Detect and remove matched words in a char stream
Company: Google
Role: Software Engineer
Category: Coding & Algorithms
Difficulty: medium
Interview Round: Onsite
Quick Answer: This question evaluates understanding of online stream processing, substring matching, and the use of efficient data structures and algorithms for real-time updates and deletions.
Constraints
- 0 <= len(words) <= 10^4
- 0 <= sum(len(word) for word in words) <= 10^5
- 0 <= len(stream) <= 10^5
- Each word is non-empty and consists only of lowercase English letters
- stream consists only of lowercase English letters
Examples
Input: (['ab', 'bc'], 'zabcbc')
Expected Output: (['', '', 'ab', '', '', 'bc'], 'zc')
Explanation: After the 3rd character, the buffer is 'zab', so 'ab' is removed. Later, after the 6th character, the buffer is 'zcbc', so 'bc' is removed, leaving 'zc'.
Input: (['ba', 'cba'], 'xcba')
Expected Output: (['', '', '', 'cba'], 'x')
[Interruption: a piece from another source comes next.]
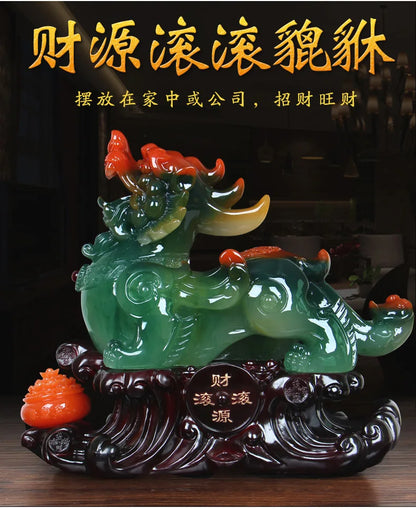 Asia HOME Store company Recruit money ZHAO CAI GOOD luck Fortune PIXIU Dragon business Prosperity FENG SHUI talisman Deco statue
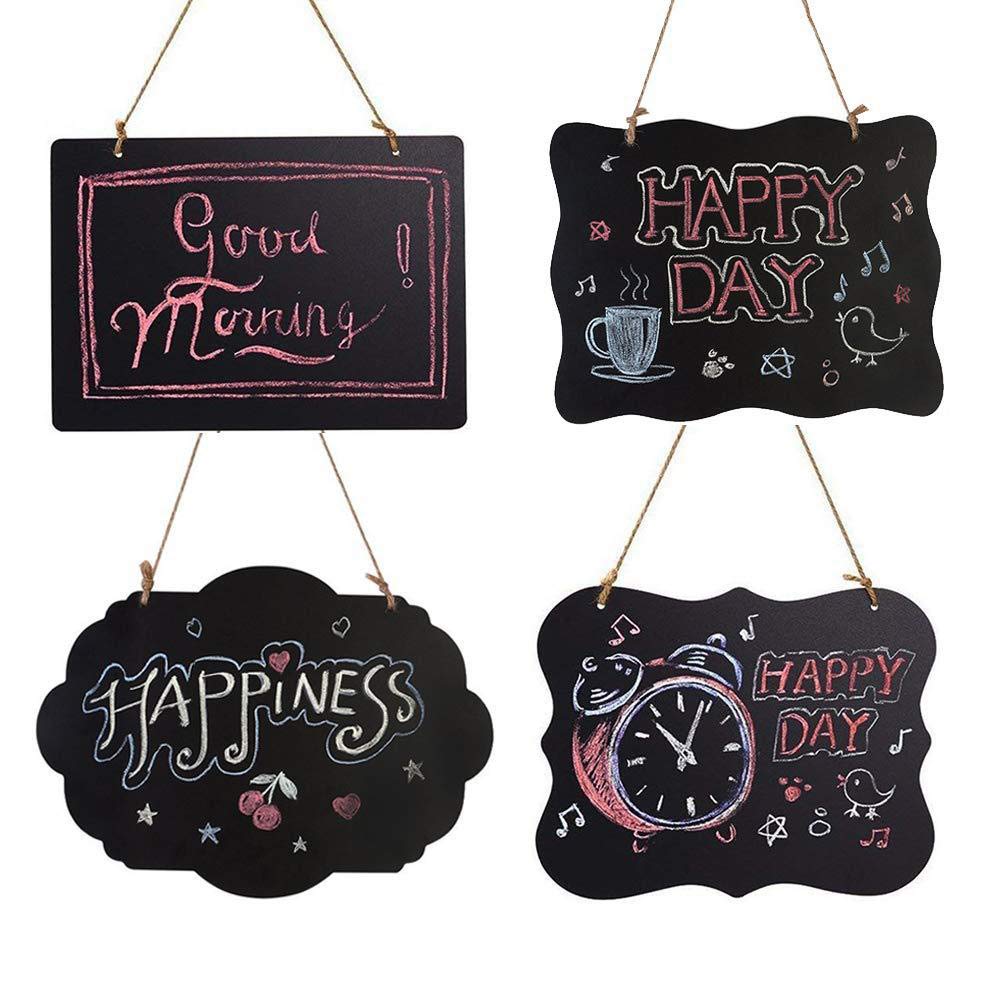 4PCS Chalkboard Sign, Wooden Double-Sided Hanging Chalkboard, Mini Message Signs Board with Hanging Strings for Wedding Birthday Bar Buffet Party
Explanation: At the last step, both 'ba' and 'cba' are suffixes of 'xcba'. The longest suffix match is 'cba', so it is removed.
Input: (['a', 'aa'], '')
Expected Output: ([], '')
Explanation: An empty stream produces no reports, and the final buffer stays empty.
Input: ([], 'abc')
Expected Output: (['', '', ''], 'abc')
Explanation: With no target words, nothing can ever be removed.
Input: (['abc', 'bc'], 'abcbc')
Expected Output: (['', '', 'abc', '', 'bc'], '')
Explanation: At the 3rd character, 'abc' and 'bc' both match as suffixes, so the longer word 'abc' is removed. Later, 'bc' is removed at the end.
Hints
- Because the buffer is fully cleaned after each character, any new match created by appending a character must end at that character. So you only need to detect matching suffixes of the current buffer.
- Use a trie with failure links (Aho-Corasick). If you also keep a stack of automaton states for the current buffer, you can remove a matched suffix by popping characters and states.